Perhaps it’s Hamon himself.

Normally in a party primary the winner can expect the loser to fall in behind and lend their support and voters, but the battle between Valls and Hamon was seen as an “irreconcilable” split in the Socialist party between the traditional and reformist left. 

But Manuel Valls has already said he will refuse to support Hamon’s programme, albeit he suggested on after his defeat on Sunday that he might rethink that stance.

“Hamon is now the candidate of our political family,” Valls said.

But what about those who backed Valls?

“If Benoit Hamon wins the primary it's the equivalent of Jeremy Corbyn conquering Labour. The reformist left will refuse to follow him,” one French MP told Le Monde before Sunday’s result was announced.

One Valls supporter told BFMTV on Sunday he would be tempted to vote for Macron and dismissed the idea of voting for Benoit Hamon, who quit Valls' government because he could not abide by the pro-business shift in policy.

Opinion polls suggest Hamon will be easily beaten in the first round of the presidential election on April 23rd.

Although his radical reformist ideas, such as legalizing cannabis and introducing the possibility of a 32-hour work week, may have helped him to a victory in the primary, it seems he will have difficulty convincing enough French people that he is the man France needs right now.

One of his big problems is Jean-Luc Melenchon, the far-left firebrand who is also in the running.
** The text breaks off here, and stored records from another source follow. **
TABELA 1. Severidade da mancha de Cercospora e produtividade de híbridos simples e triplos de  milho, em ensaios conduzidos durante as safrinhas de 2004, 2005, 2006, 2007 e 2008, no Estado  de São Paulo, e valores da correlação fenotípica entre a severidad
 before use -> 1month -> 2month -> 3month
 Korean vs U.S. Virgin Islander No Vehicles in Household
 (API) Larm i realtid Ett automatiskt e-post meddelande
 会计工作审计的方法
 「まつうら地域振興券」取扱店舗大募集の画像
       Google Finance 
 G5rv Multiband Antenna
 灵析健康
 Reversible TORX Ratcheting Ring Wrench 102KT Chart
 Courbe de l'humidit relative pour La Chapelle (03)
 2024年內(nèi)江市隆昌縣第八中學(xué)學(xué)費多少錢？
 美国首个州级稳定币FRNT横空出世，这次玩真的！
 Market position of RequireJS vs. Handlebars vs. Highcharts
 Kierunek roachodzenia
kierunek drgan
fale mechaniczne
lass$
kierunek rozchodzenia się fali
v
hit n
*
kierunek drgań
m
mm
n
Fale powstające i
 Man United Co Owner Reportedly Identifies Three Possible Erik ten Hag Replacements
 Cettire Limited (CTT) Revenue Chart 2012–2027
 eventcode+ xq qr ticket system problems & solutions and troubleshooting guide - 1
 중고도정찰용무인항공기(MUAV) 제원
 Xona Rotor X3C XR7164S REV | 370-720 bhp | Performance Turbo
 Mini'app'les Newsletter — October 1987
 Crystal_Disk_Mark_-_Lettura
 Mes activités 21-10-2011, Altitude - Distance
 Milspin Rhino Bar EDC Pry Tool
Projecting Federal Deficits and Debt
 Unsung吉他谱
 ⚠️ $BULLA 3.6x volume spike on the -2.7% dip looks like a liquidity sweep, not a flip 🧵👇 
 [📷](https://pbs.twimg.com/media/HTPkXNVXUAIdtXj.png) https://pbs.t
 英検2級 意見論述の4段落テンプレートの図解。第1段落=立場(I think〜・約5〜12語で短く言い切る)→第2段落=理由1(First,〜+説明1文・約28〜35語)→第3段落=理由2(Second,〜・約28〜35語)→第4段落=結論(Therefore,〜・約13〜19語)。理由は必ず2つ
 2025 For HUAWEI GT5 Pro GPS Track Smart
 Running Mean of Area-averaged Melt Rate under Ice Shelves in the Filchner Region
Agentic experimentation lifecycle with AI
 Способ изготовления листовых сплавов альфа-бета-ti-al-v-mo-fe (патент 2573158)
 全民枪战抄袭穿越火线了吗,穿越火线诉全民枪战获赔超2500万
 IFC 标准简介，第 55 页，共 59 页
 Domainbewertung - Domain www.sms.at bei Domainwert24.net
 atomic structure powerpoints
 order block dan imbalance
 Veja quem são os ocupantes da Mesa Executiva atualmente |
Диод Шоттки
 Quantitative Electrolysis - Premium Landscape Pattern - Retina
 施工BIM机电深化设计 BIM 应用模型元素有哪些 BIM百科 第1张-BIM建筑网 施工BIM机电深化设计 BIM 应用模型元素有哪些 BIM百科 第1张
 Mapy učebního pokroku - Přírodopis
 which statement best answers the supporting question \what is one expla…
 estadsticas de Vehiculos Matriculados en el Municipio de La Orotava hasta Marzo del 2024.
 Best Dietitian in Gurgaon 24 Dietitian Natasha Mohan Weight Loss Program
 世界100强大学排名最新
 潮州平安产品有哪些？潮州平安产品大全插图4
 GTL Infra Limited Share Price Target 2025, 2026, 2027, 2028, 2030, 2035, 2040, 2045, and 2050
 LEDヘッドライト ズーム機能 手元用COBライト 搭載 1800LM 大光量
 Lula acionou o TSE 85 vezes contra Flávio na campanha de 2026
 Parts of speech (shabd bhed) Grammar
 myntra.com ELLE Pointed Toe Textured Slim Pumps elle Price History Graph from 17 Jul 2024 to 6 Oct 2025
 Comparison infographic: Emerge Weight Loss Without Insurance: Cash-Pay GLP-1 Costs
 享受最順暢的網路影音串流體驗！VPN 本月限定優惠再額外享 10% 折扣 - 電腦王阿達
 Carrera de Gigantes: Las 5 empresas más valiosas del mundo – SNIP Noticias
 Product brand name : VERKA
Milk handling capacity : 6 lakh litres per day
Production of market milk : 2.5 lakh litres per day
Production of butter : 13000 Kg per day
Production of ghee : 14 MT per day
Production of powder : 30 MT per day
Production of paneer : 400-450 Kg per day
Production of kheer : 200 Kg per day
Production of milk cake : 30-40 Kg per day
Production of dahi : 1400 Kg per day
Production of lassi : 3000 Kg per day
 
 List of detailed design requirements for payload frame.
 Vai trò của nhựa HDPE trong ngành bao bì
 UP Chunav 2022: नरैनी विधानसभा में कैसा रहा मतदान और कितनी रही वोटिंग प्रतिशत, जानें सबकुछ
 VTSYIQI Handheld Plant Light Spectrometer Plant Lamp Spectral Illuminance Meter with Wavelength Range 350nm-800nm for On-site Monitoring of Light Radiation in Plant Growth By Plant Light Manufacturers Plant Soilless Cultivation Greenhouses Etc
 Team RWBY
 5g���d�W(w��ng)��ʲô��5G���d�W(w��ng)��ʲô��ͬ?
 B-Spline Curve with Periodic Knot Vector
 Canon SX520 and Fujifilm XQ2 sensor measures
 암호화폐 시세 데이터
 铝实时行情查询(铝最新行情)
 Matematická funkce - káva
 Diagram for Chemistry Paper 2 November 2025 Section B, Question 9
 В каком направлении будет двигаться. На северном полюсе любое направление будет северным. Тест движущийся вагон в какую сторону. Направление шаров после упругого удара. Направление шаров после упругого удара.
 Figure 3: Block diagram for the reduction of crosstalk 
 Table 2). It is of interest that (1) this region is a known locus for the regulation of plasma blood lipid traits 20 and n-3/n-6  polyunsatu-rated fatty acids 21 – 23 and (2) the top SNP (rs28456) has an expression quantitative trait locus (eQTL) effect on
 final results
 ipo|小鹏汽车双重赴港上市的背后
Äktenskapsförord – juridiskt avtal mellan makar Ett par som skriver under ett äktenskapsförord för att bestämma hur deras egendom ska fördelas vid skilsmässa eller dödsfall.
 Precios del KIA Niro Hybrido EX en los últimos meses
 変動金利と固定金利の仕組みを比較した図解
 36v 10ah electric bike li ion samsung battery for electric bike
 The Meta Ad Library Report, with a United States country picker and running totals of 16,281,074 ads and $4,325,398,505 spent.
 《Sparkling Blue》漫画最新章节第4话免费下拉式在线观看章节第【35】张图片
Melenchon has a hardcore support on the left who are unlikely to jump ship to Hamon in the first round of voting. Essentially the two occupy similar if not the same terrain, with the result being neither will win enough votes to make the second round against the favourite to top the first round Marine Le Pen.

Hamon's only hope appears to be if he can somehow persuade Melenchon and French green party candidate Yannick Jabot to ditch their own campaigns and throw their support behind the Socialist.

It's a long shot. 

And what about Le Pen?

It’s unlikely that Hamon’s victory will have too much of an impact on the share of the vote Le Pen will get in the first round of the presidential election.

The voters in France’s industrial north or poorer rural areas who used to vote for the Communist party or the Socialists are unlikely to be won back by Hamon and his ideas.

They appear to be firmly in Le Pen’s camp now after being convinced by her claims that she is the real defender of French workers.

And François Fillon?

The centre-right candidate Fillon will no doubt be boosted by Hamon’s victory at a time when he really needs some good news.

Fillon has spent the last few days angrily fighting off claims his British wife Penelope, earned €500,000 for a “fake job” as a parliamentary assistant.

The MP for Les Republicains gave a defiant speech to thousands of supporters in Paris on Sunday, in which apart from defending his wife he launched a stinging attack on the left. While his popularity has dropped he is still just about the favourite to be the next president of France.

I refuse to believe the future of France is the universal basic income,” he said in reference to Hamon’s flagship policy idea.

Fillon will see the Brittany born Hamon as the perfect Socialist rival for which to defend his own radical plan to reform France against Hamon's “surrealist” vision.

While Hamon favours a 32-hour work week and universal basic income Fillon wants his own sweeping changes that has led to him being dubbed the French Margaret Thatcher.

He wants an end to the 35-hour week and will raise the retirement age from 62 to 65, plus carry out severe cuts in public spending which include shedding 500,000 civil servant positions.

But while Fillon – presuming he survives the Penelope Gate scandal – may find plenty of ammunition to attack Hamon he would be wise not to get distracted given his real rivals look like being Macron and Le Pen.

While predicting elections these days is proving a fraught exercise, we do at least know the name of the next French president will end in the letter “n”.

Hamon, Macron, Le Pen, Melenchon, Fillon. It's not much but it's something to go on for now.